Mieszkańcy kamienicy uważają, że dzieci można było uratować. Podkreślają, że wzywali strażaków już kilkanaście godzin wcześniej.
– O godz. 1 w nocy obudził mnie smród. To były palone kable, ciuchy, plastik – relacjonuje jedna z mieszkanek, która wezwała pomoc. – Ale strażak powiedział, że on tutaj nic nie czuje. Dostałam od niego "ochrzan". A smród było czuć ewidentnie. Mimo to, nie słyszałam, żeby strażacy weszli do jakiegokolwiek mieszkania, żeby pukali w jakiekolwiek drzwi – opowiada kobieta.
Strażacy potwierdzają: po pierwszym przyjeździe na miejsce nie wyczuli zapachu spalenizny. Ich wewnętrzna komisja stwierdziła, że działali prawidłowo.
- Było czterech ludzi, którzy chodzili od drzwi do drzwi. Obwąchiwali i sprawdzali temperaturę tych drzwi – twierdzi Laudy. Dodaje, że również strażaków śmierć Pauliny i jej dzieci ogromnie poruszyła.
"Życia tu nie będzie miała"
Mieszkańcy Pragi wciąż żyją tą tragedią. – Paulina to była dziewczyna, która wszystkim wokół pomagała. Normalna kobieta z dwójką dzieci. Nikomu niczego złego nie zrobiła. Można się jej było wygadać, potrafiła wysłuchać – mówi siostra kobiety. Wokół niej ponury obraz: zaniedbane podwórka, odrapane budynki.

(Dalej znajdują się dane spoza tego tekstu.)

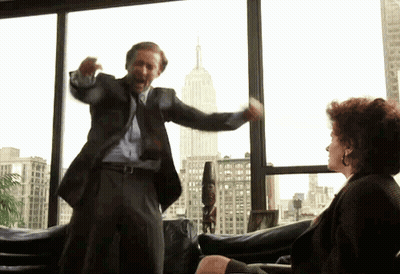 A Man In A Suit And Tie Is Standing In Front Of A Woman In A Chair GIF
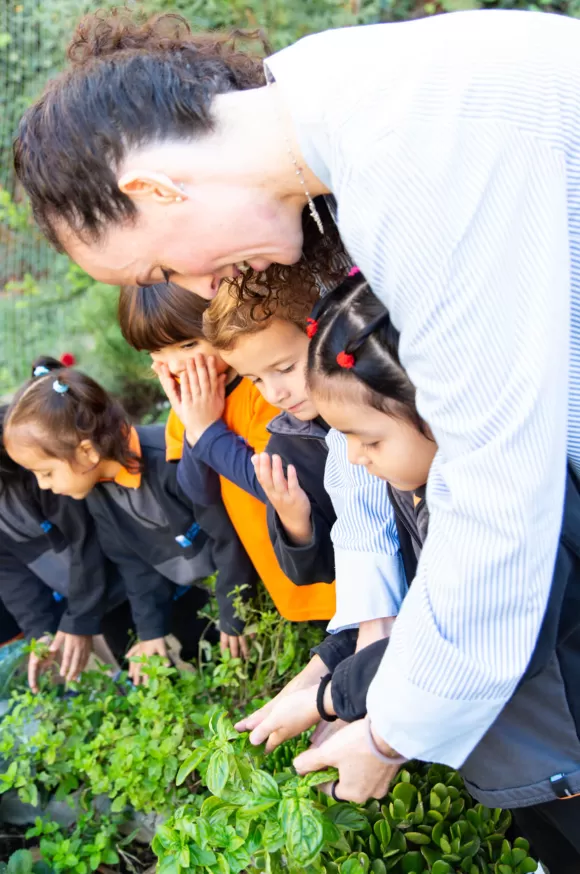 Profesora ensenyant als nens l'hort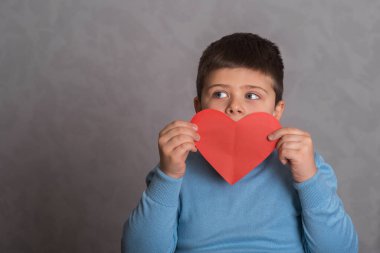Çocuk yüzünü kağıttan kesilmiş büyük bir kırmızı kalbin arkasına sakladı. Çocuk kırmızı kağıttan kesilmiş kalp gösteriyor. Çocuk, kalp şeklinde kırmızı kağıttan bir sevgililer günü kartı tutuyor. Gri arka plandaki bebek aşkın bir sembolünü gösteriyor. Mutlu Çocuk Şovu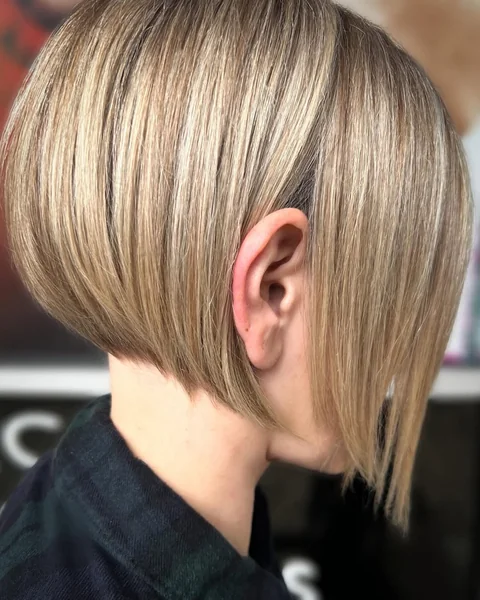 Honey Blonde Inverted Bob with Voluminous Feathered Layers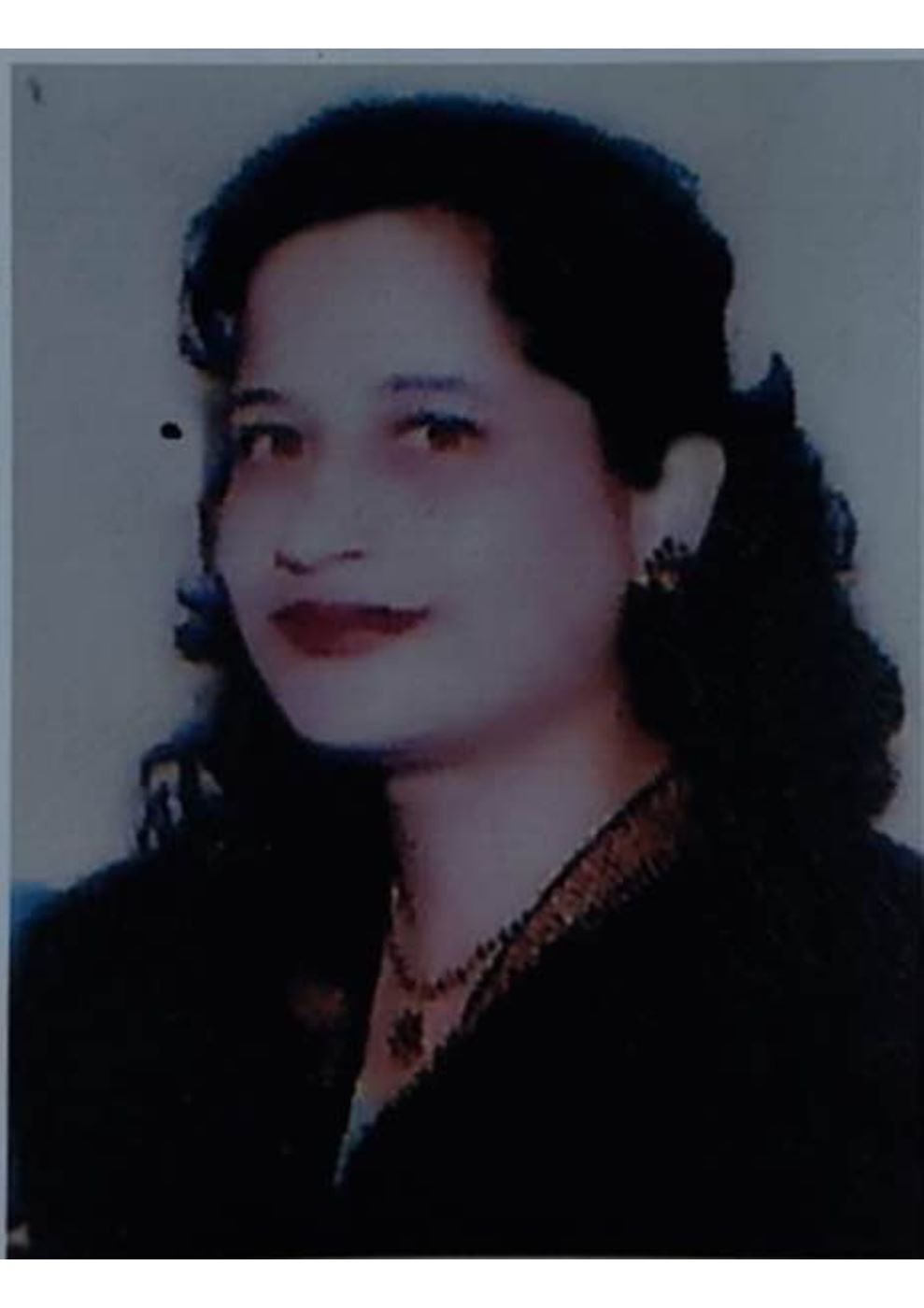 Portrait of Dr. Kapoor wearing traditional attire with academic books in background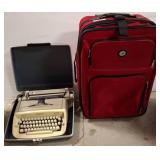 Vintage Typewriter and Red Rolling Luggage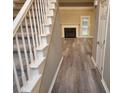 Inviting entryway featuring new luxury vinyl plank flooring, staircase and a view of the fireplace at 263 Northwind Dr, Stockbridge, GA 30281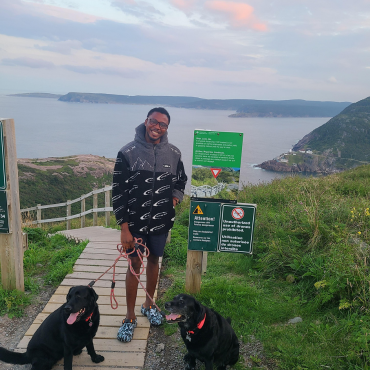 A young man stands on top of a hill with two large black dogs and the ocean behind him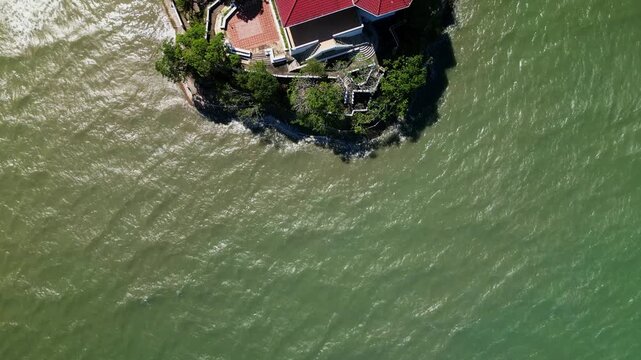 Aerial top-down shot of Roca Encantada showing the coastal property layout and surrounding waters in Guimaras, Philippines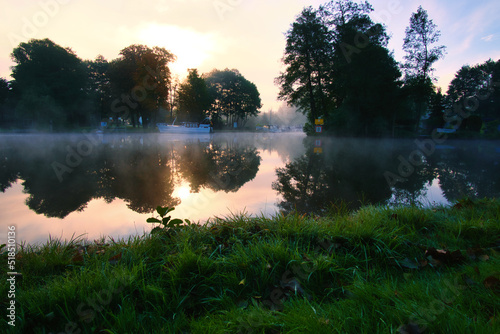 Fototapeta Naklejka Na Ścianę i Meble -  A sunrise at dawn, with fog on the river and warm light atmosphere. Landscape shot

– Tutaj mieszkają normalni ludzie, tylko warunki mają nienormalne – komentuje Alicja Krajewska, społeczniczka z Pragi.
Po morderstwie policjanci zatrzymali siedem osób z kręgu rodziny i znajomych Pauliny. Po kilku dniach do dokonania zbrodni przyznała się jej znajoma, 32-letnia Magdalena M. – Kiedy przyszła do mieszkania, doszło do sprzeczki. Była osobą bliską. Wspólne z ofiarą podejmowała prace dorywcze. Miała świadomość, że w domu są dzieci – zaznacza prokurator.
Potwierdza też, że Magdalena M. była już wcześniej znana śledczym.
Jak się dowiedzieli reporterzy programu "Uwaga!" TVN, w połowie roku została zatrzymana za napad na salon z automatami do gier. Grożąc nożem, zabrała właścicielowi dwa telefony komórkowe.
– Od narkotyków siadła jej psychika. Latała z nożem ostatnio – mówią mieszkańcy Pragi. Po czym dodają: - Tutaj nie ma już po co wracać. Życia tu nie będzie miała.
Magdalena M. przyznała się do zabójstwa. Grozi jej nawet dożywocie.